§ WORK TO COMPLETE: Copy out exactly the stretch below, from the line with "Apartamento En Alquiler, Monoambiente, 1" through the line with "Santogal Stand/Oficina Concessionária", both included; the pictures stay out.

§ RECORDS SHOWN:
:::::
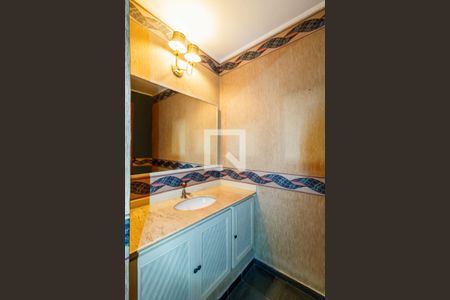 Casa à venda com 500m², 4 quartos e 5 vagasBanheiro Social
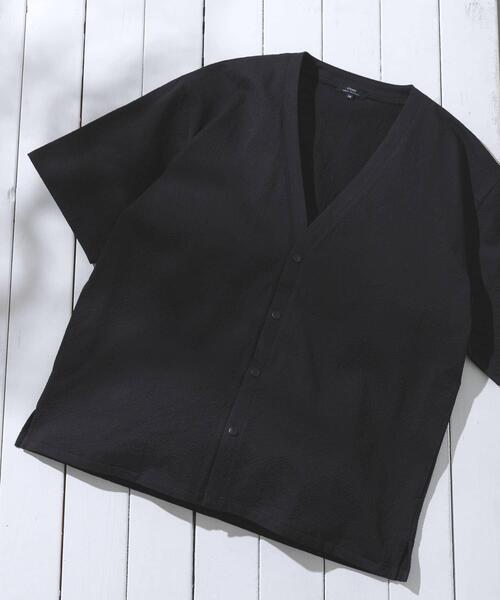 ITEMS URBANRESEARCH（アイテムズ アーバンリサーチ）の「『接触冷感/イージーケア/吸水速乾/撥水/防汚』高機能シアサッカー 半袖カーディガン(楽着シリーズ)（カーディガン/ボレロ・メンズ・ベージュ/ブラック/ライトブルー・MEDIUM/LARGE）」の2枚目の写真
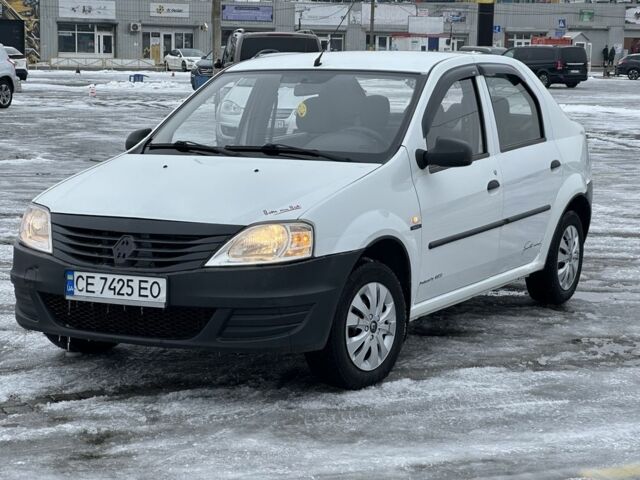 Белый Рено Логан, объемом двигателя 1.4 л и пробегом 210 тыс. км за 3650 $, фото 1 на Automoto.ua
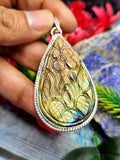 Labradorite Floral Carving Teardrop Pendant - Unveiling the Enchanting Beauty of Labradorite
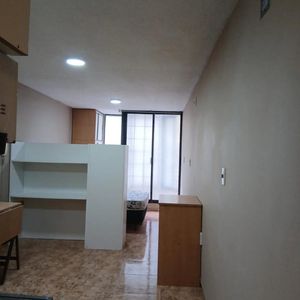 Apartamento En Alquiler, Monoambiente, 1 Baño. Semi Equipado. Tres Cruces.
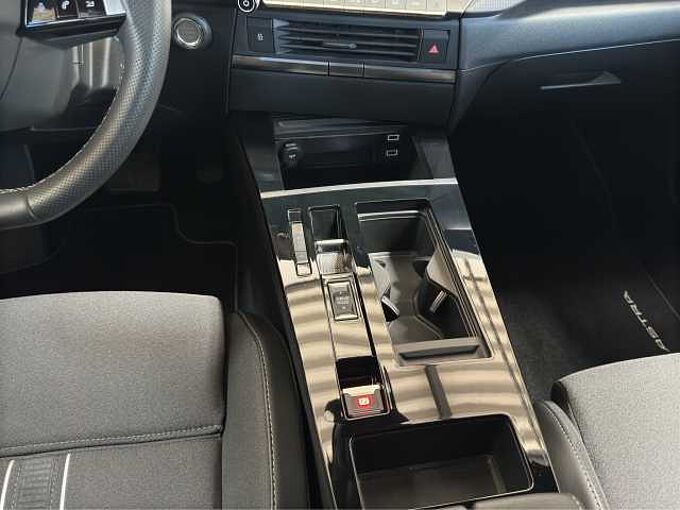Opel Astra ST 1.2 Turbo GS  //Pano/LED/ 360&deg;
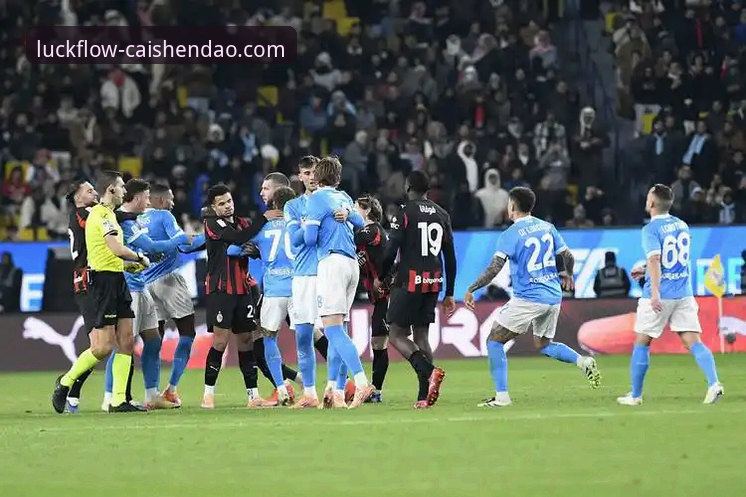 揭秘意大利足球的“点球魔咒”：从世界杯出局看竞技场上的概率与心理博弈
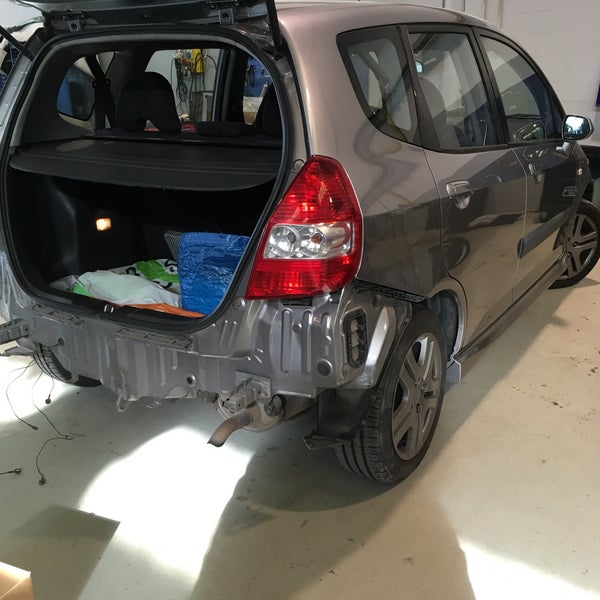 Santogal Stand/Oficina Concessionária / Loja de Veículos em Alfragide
:::::
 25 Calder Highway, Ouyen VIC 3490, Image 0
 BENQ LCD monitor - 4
:::::
§ ANSWER AREA:
 Apartamento En Alquiler, Monoambiente, 1 Baño. Semi Equipado. Tres Cruces.
Opel Astra ST 1.2 Turbo GS  //Pano/LED/ 360&deg;
 揭秘意大利足球的“点球魔咒”：从世界杯出局看竞技场上的概率与心理博弈
 Santogal Stand/Oficina Concessionária / Loja de Veículos em Alfragide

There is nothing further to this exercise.